Como Fouquet prestaba, o simulaba prestar toda su atención a las brillantes iluminaciones, a la música lánguida de los violines y de los oboes, y a los chispeantes cohetes de las fuegos que, iluminando el cielo con intensos reflejos, recortaban la silueta sombría del torreón de Vincennes; y, como también sonríe a las damas y a los poetas, su fiesta no fue menos alegre que de costumbre. Vatel, cuya mirada, inquieta y hasta celosa, interrogaba con insistencia la de Fouquet, no se mostró descontento de la acogida hecha al orden del sarao.
Terminados los fuegos, todos se dispersaron par los jardines y bajo los pórticos de mármol, con aquella dulce libertad que denuncia en el amo de la casa olvido de la grandeza; hospitalidad exquisita y tanta suntuosidad descuidada.

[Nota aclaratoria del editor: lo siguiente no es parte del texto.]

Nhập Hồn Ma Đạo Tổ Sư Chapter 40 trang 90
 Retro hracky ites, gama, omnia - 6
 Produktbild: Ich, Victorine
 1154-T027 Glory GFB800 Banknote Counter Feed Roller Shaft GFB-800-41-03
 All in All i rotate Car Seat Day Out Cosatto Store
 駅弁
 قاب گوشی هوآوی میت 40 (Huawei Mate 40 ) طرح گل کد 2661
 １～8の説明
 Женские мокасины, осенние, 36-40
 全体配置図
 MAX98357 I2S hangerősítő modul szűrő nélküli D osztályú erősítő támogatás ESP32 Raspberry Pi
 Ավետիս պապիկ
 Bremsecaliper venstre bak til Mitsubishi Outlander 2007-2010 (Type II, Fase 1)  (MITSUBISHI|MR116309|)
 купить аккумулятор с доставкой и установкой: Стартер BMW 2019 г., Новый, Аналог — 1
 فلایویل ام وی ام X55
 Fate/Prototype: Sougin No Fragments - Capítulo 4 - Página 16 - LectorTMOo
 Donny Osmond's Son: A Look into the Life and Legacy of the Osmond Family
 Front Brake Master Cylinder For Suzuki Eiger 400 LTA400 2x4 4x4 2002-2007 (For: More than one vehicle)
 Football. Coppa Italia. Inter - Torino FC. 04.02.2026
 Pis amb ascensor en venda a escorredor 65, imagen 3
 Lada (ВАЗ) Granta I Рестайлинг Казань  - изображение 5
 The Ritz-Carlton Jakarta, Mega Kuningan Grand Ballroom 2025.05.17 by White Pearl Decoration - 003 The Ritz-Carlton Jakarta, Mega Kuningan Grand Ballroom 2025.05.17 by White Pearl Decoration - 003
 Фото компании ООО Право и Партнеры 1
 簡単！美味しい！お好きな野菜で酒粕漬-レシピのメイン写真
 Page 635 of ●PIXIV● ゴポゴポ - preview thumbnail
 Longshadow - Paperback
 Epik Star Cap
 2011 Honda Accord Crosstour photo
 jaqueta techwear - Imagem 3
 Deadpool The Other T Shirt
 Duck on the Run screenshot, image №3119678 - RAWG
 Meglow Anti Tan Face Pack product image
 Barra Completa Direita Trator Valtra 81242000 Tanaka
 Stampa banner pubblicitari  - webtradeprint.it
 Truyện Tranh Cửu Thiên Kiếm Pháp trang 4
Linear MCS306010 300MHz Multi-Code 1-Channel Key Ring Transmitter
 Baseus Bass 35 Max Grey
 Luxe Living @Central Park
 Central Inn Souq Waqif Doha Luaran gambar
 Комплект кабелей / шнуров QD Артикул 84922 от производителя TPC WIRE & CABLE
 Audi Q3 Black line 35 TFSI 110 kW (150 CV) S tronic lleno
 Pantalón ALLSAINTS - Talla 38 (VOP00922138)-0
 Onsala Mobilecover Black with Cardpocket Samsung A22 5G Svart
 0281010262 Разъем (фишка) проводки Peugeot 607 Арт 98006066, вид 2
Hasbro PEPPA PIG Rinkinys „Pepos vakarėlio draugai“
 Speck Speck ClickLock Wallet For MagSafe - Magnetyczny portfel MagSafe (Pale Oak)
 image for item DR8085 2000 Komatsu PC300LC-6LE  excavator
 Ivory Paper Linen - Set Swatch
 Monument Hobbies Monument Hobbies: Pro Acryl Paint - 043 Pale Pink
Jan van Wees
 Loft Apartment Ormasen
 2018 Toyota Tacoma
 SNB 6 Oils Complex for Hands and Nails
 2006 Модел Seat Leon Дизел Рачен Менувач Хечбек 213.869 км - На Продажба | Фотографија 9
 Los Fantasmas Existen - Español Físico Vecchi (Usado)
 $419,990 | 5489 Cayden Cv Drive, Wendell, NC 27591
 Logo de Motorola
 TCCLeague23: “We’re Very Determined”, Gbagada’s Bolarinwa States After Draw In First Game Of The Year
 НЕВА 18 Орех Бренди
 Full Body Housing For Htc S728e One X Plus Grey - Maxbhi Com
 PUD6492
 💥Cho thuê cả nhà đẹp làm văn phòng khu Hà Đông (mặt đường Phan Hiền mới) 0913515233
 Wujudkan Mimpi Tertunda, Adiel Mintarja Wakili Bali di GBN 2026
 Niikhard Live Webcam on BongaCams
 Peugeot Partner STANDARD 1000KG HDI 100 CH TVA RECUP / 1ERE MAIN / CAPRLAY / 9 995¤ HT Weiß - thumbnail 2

Los poetas comenzaron a vagar, cogidos del brazo, por los bosquecitos, y aun algunos se tendieron sobre lechos de musgo, con gran detrimento de los vestidos de terciopelo y de los bordados, en los que se introducían las hojas secas más pequeñas Y los tallos de verdura.
Las damas, en corto número, escucharon los cánticos de los artistas y los versos de las poetas; otras escucharon la prosa que decían, con mucha arte, hombres que no eran cómicos ni poetas, mas a quienes la juventud y la soledad daban una elocuencia extraordinaria, que les parecía preferible a todas.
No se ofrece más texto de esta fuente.